WHAT TO DO:
Transcribe, exactly and without pictures, the lines below from the line with "image for item" to the line with "Snapshot of new_milf", both ends included, and no others.

SUPPLIED ENTRIES:
☆ ☆ ☆

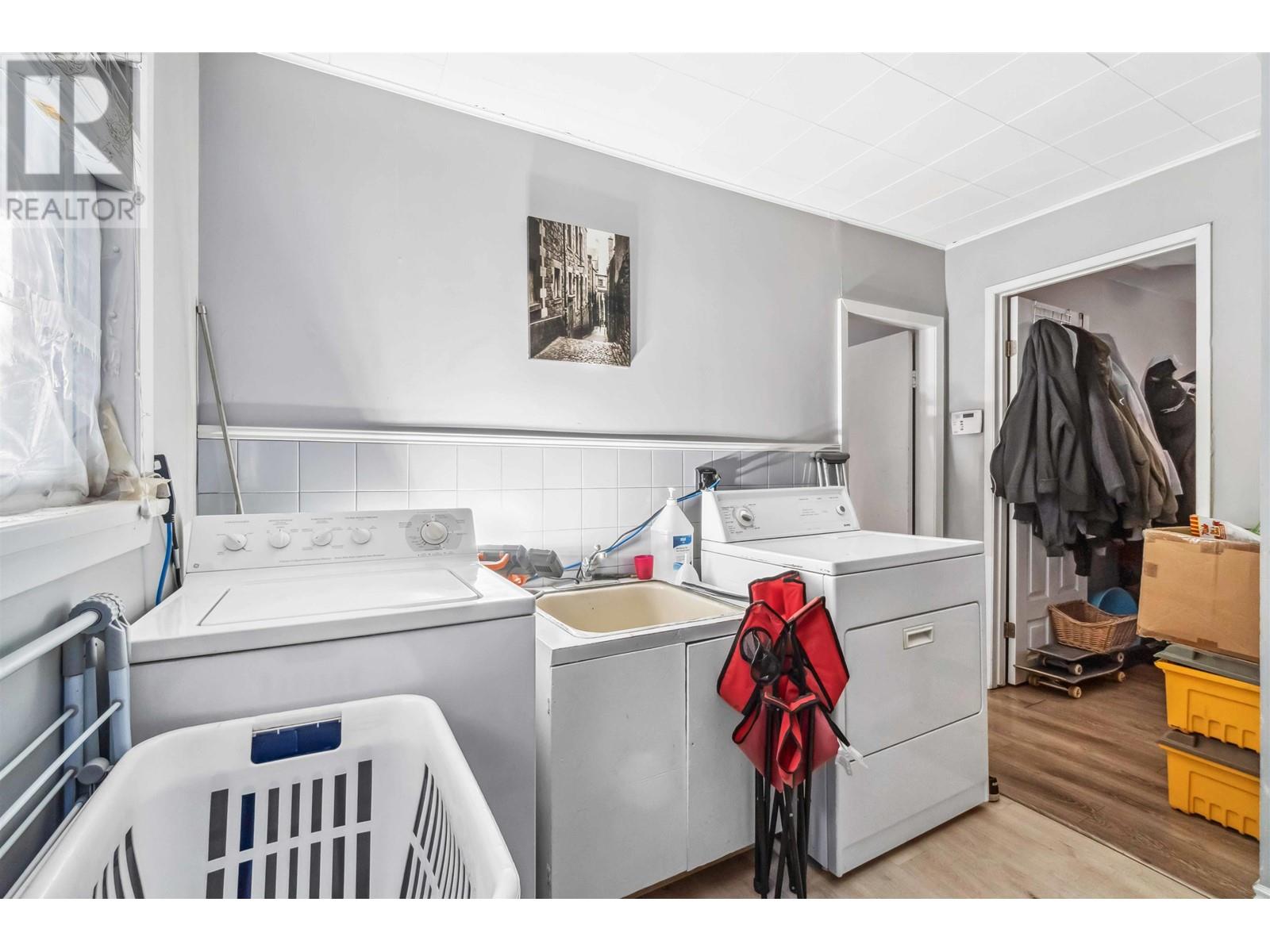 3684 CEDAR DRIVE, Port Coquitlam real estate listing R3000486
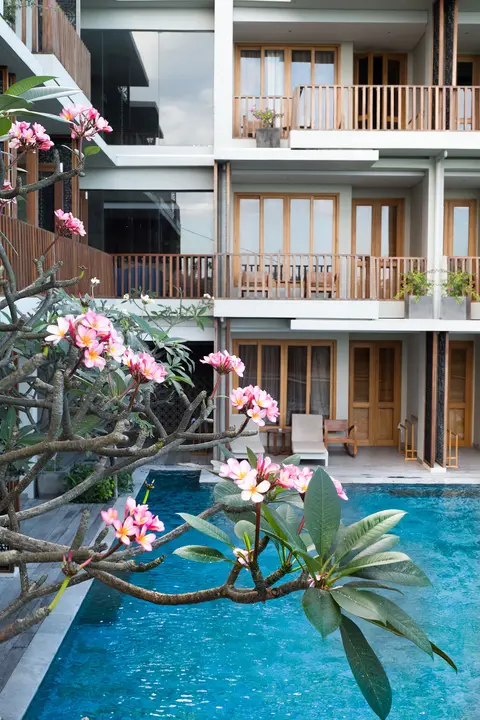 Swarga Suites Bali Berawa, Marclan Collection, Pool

☆ ☆ ☆

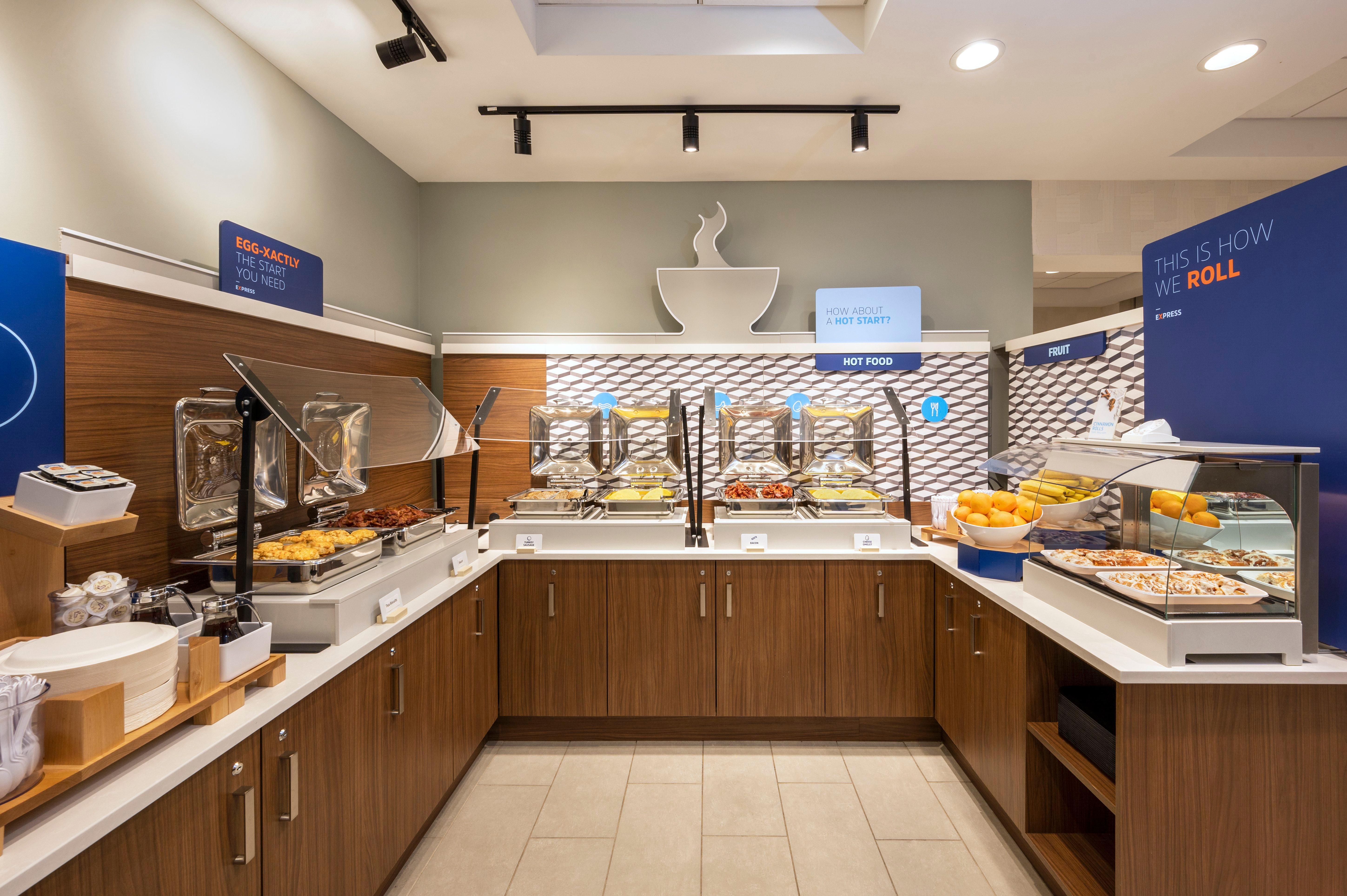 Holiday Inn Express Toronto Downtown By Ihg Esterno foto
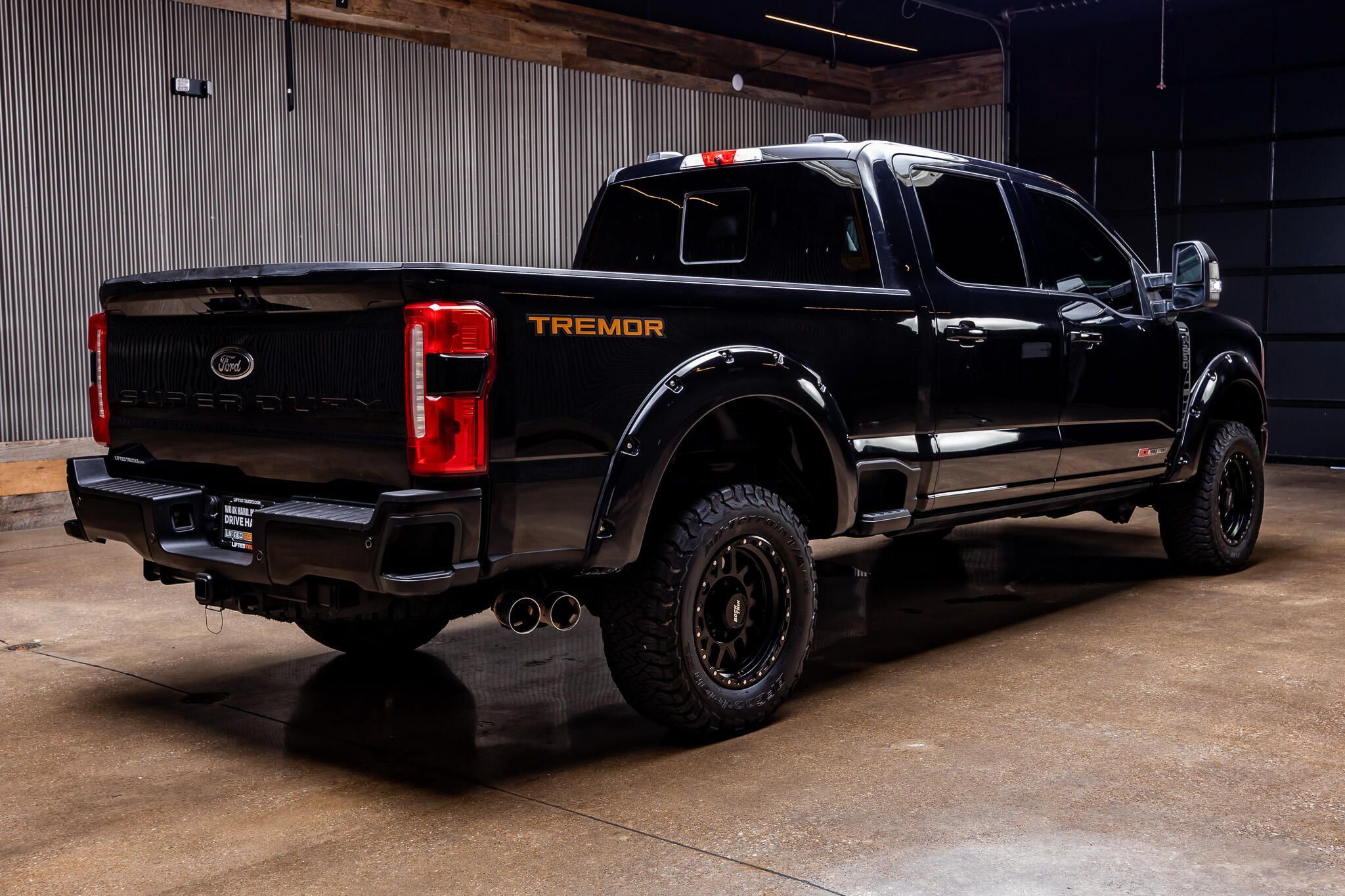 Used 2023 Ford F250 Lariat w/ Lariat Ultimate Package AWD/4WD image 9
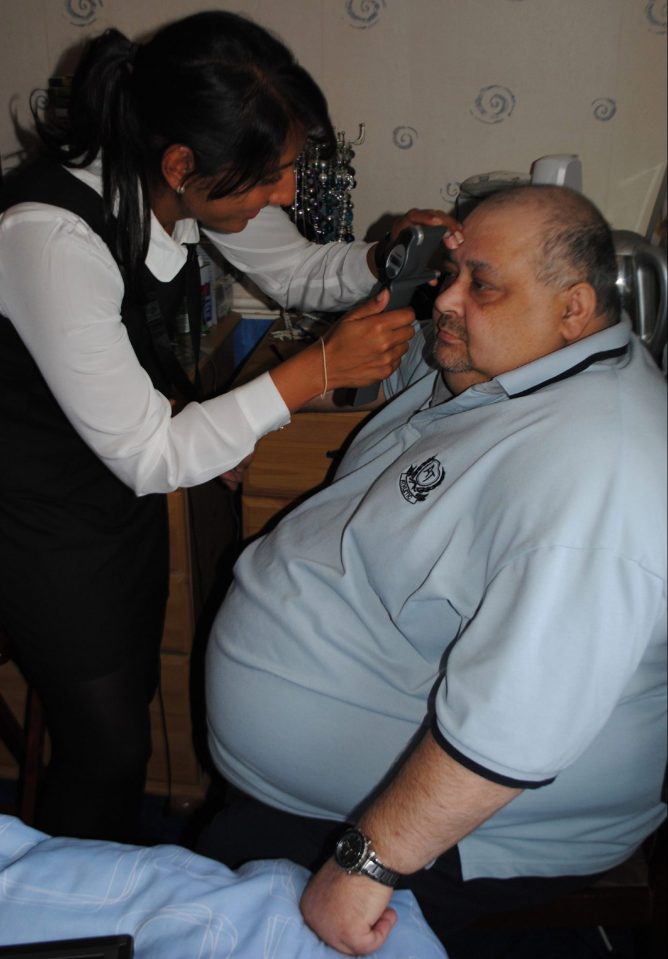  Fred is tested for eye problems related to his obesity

☆ ☆ ☆

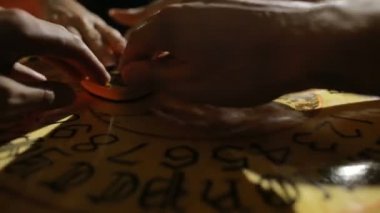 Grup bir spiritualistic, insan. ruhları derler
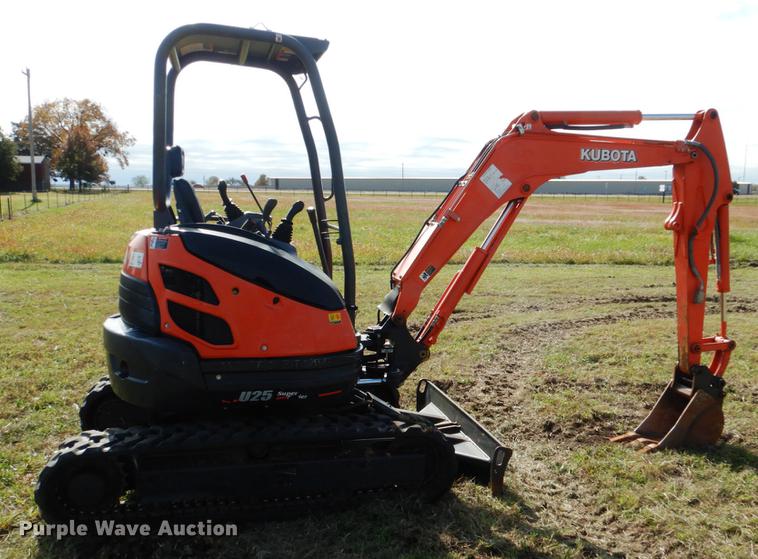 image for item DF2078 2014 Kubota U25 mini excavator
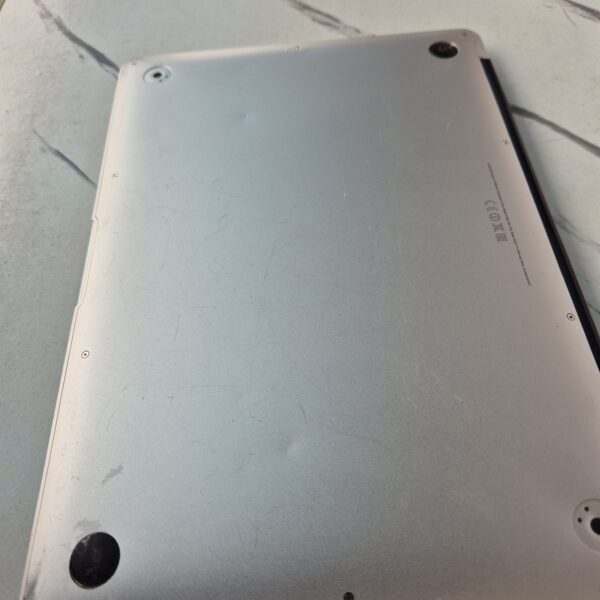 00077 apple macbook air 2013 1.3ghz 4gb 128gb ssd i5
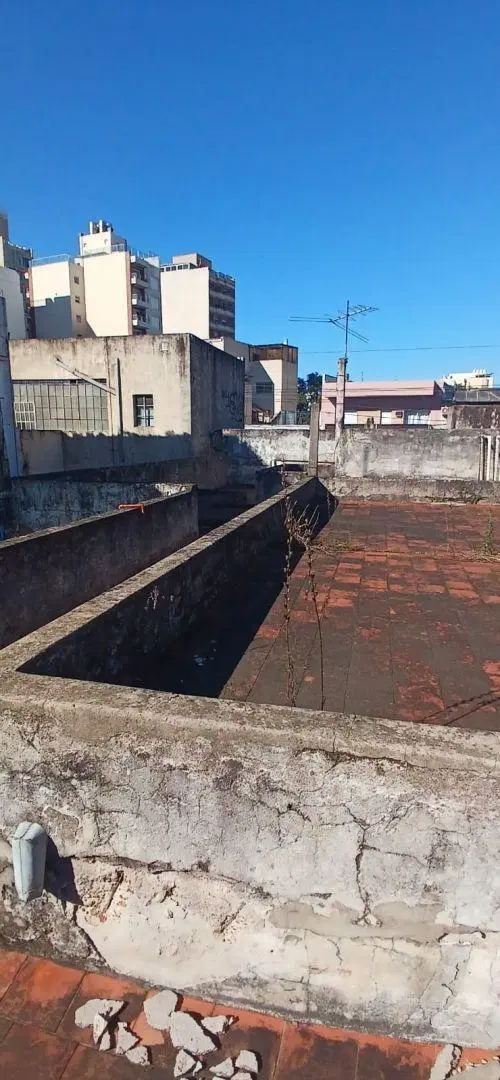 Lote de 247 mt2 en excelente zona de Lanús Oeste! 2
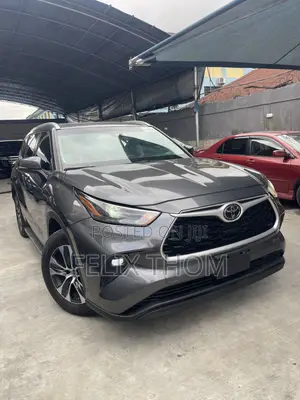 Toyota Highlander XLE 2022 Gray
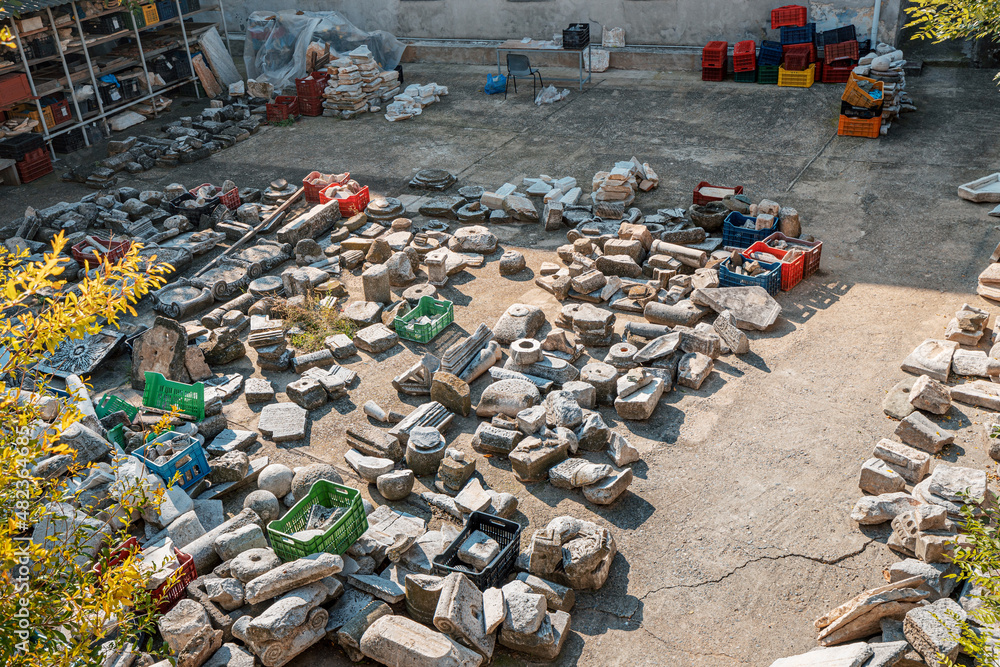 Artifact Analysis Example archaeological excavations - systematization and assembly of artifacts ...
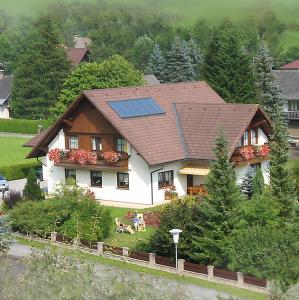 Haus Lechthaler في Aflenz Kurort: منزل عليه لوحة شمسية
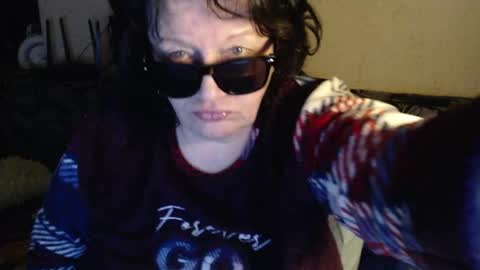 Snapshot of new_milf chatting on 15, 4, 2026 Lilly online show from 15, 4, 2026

☆ ☆ ☆

SOLUTION TO THIS TASK:
 image for item DF2078 2014 Kubota U25 mini excavator
 00077 apple macbook air 2013 1.3ghz 4gb 128gb ssd i5
 Lote de 247 mt2 en excelente zona de Lanús Oeste! 2
 Toyota Highlander XLE 2022 Gray
 Artifact Analysis Example archaeological excavations - systematization and assembly of artifacts ...
 Haus Lechthaler في Aflenz Kurort: منزل عليه لوحة شمسية
 Snapshot of new_milf chatting on 15, 4, 2026 Lilly online show from 15, 4, 2026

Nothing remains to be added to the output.